Top of DATA EXCERPTS

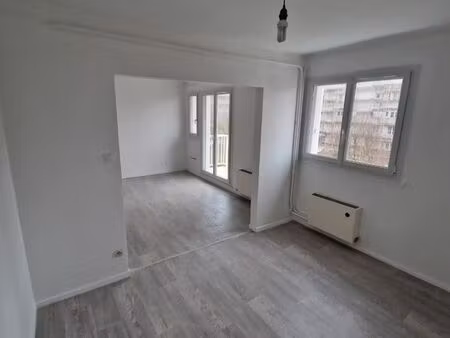 appartement 68m² avec balcon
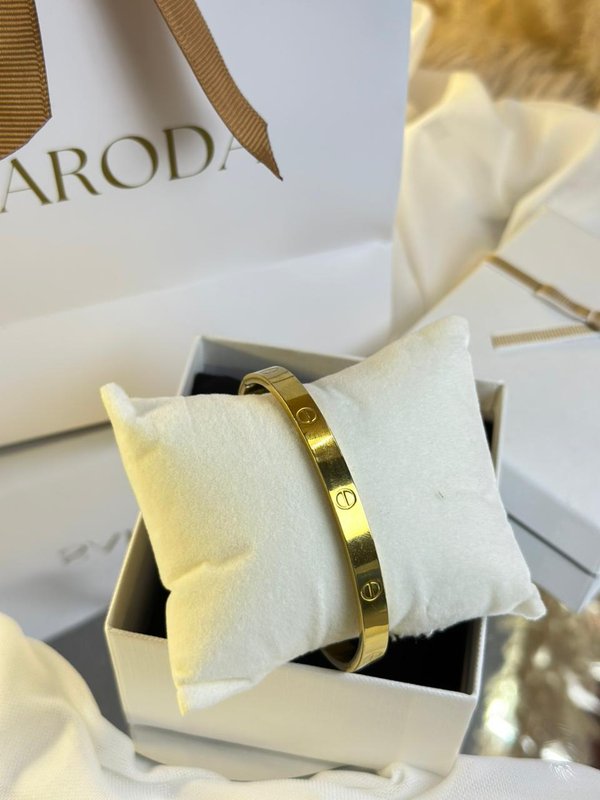 Brazalete Inspo Cartier 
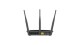 Router wireless d-link dir-809 1xwan 10/100 4xlan 10/100 3x anteneexterne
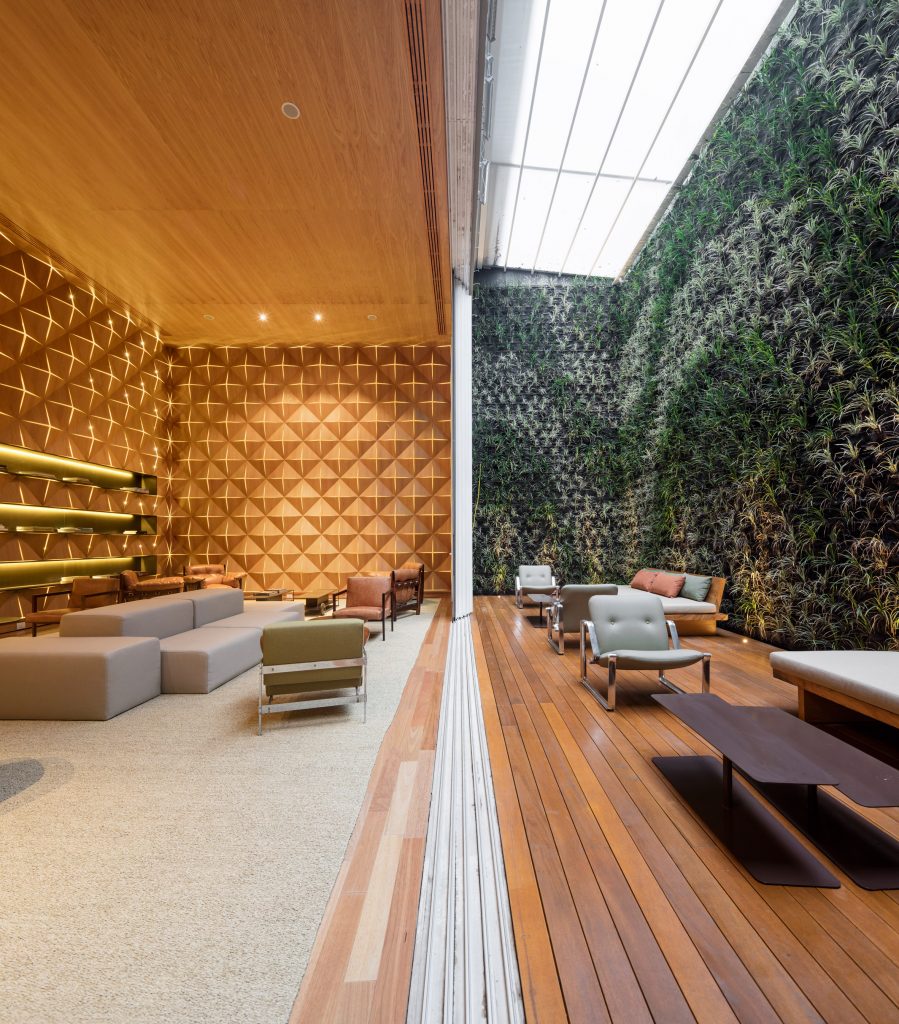 Emiliano Hotel by Oppenheim Architecture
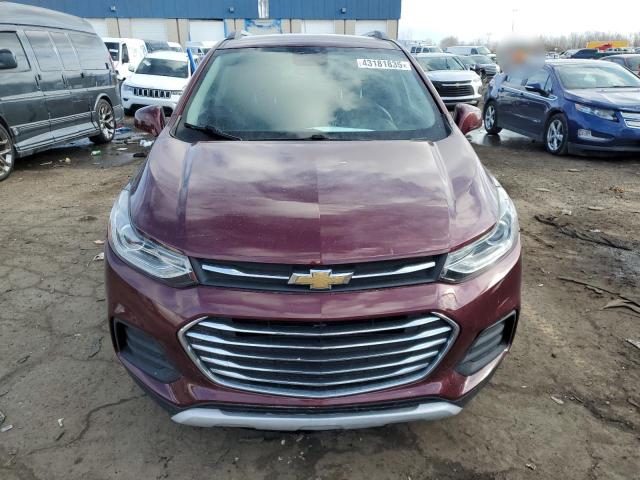 Photo 5 from auction – 2017 CHEVROLET TRAX 1LT with VIN 3GNCJLSB6HL273153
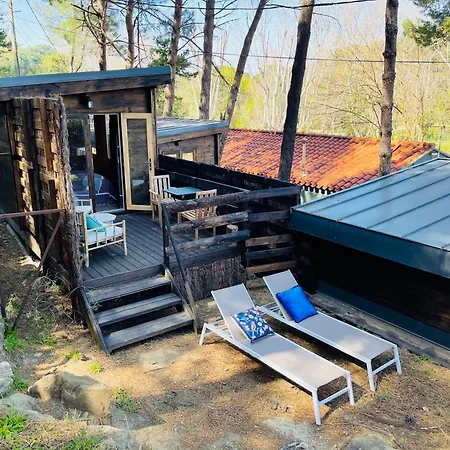 Alma مكان تخييم *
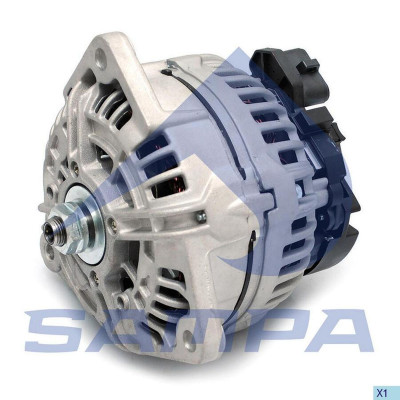 SA 023079 Генератор трехфазный 110A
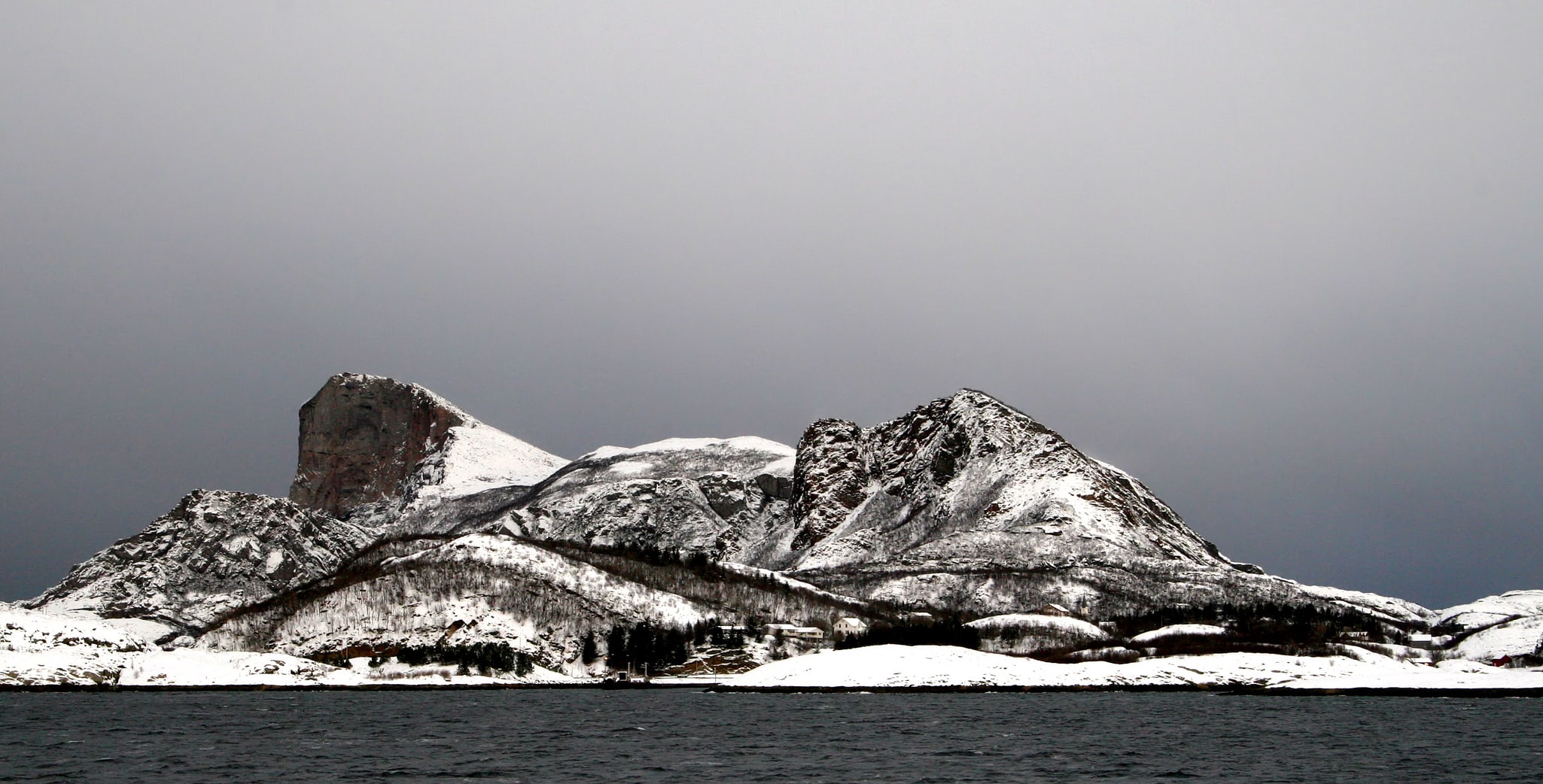 Rødøya, Norvège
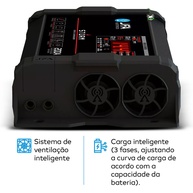 Fonte JFA Storm 200A: Potência e Diagnóstico! - imagem 2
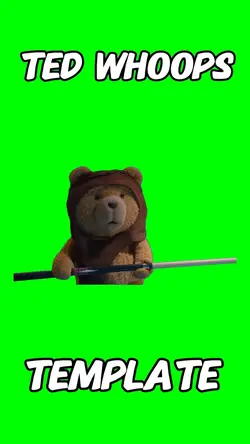 Ted Whoops 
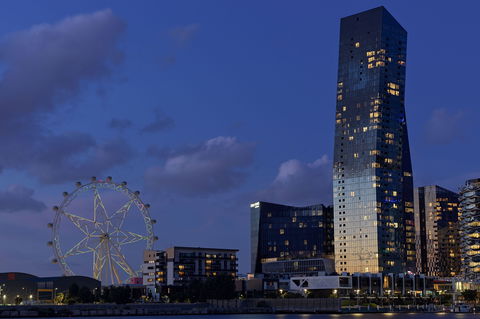 Four Points Melbourne Docklands - Tourism Brisbane 2
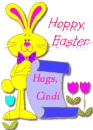Hoppy Easter - Cindi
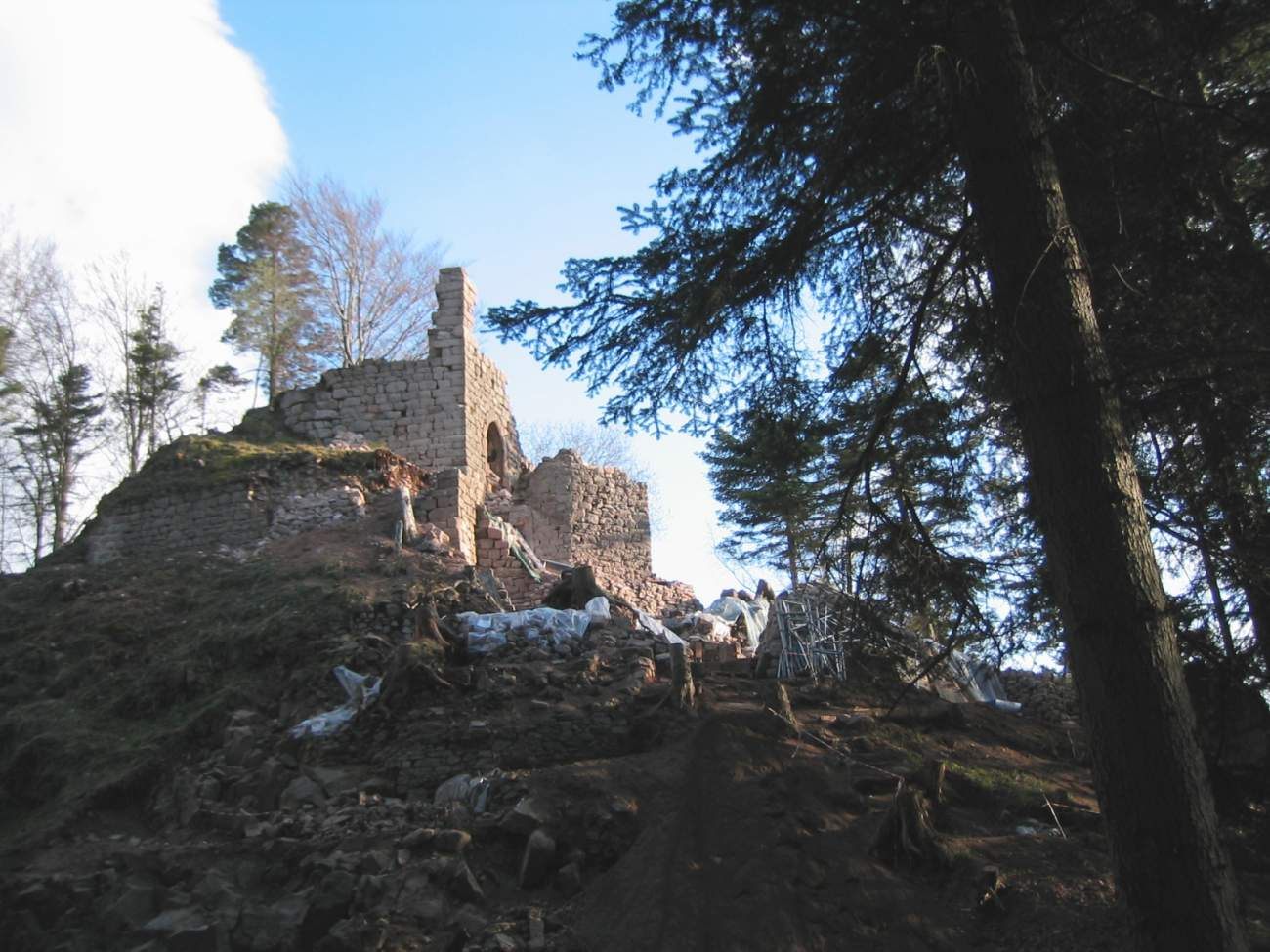Le Kagenfels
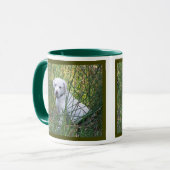Labrador Tasse (Vorderseite Links)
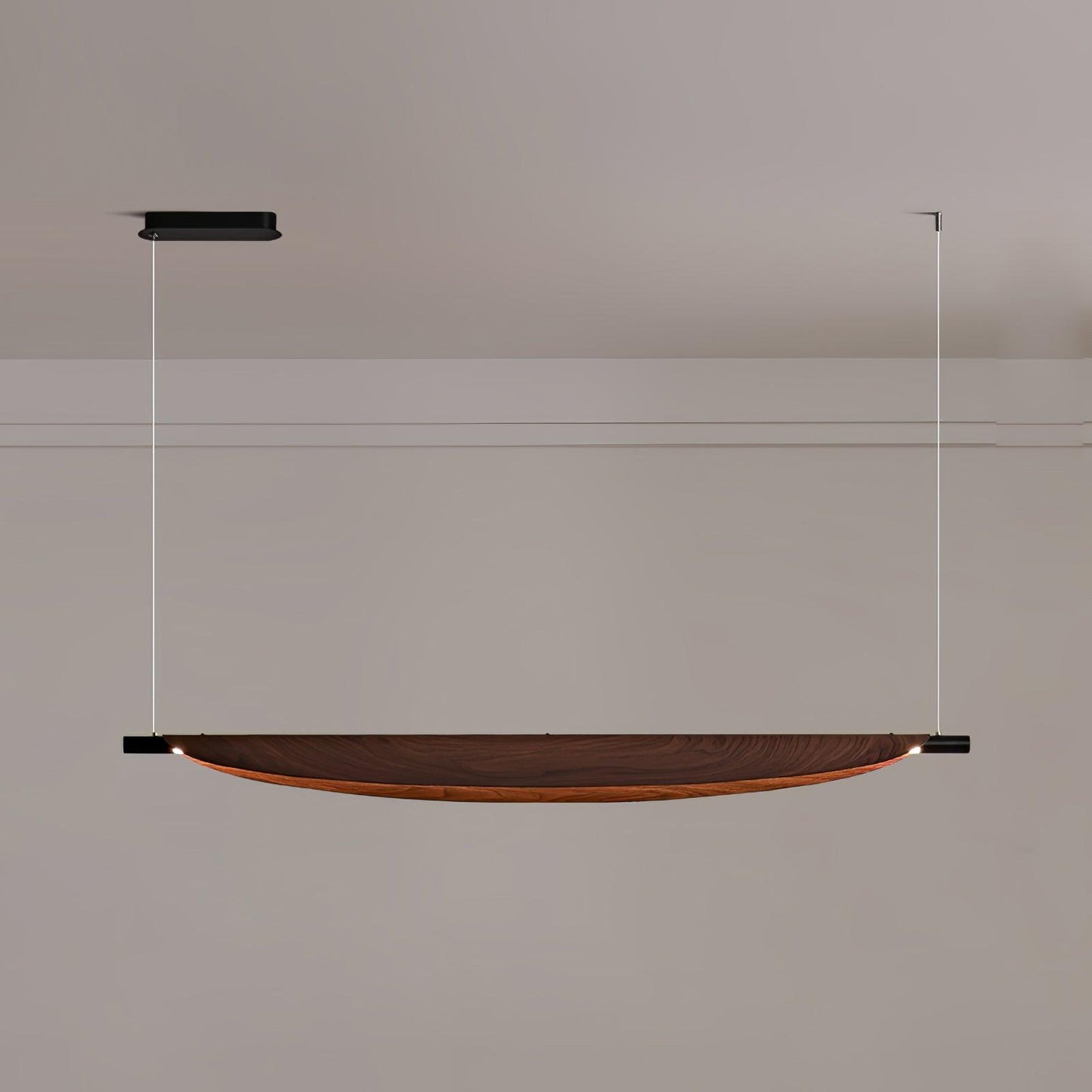 Sleek Board Pendant Lamp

Bottom of DATA EXCERPTS

** EXERCISE DESCRIPTION **
Starting at the line that contains "Fonte JFA Storm", please write out each line through the last line of the data, both ends included, and keep pictures out of the copy.

** RESULT OF THE EXERCISE **
 Fonte JFA Storm 200A: Potência e Diagnóstico! - imagem 2
 Ted Whoops 
 Four Points Melbourne Docklands - Tourism Brisbane 2
Hoppy Easter - Cindi
Le Kagenfels
Labrador Tasse (Vorderseite Links)
 Sleek Board Pendant Lamp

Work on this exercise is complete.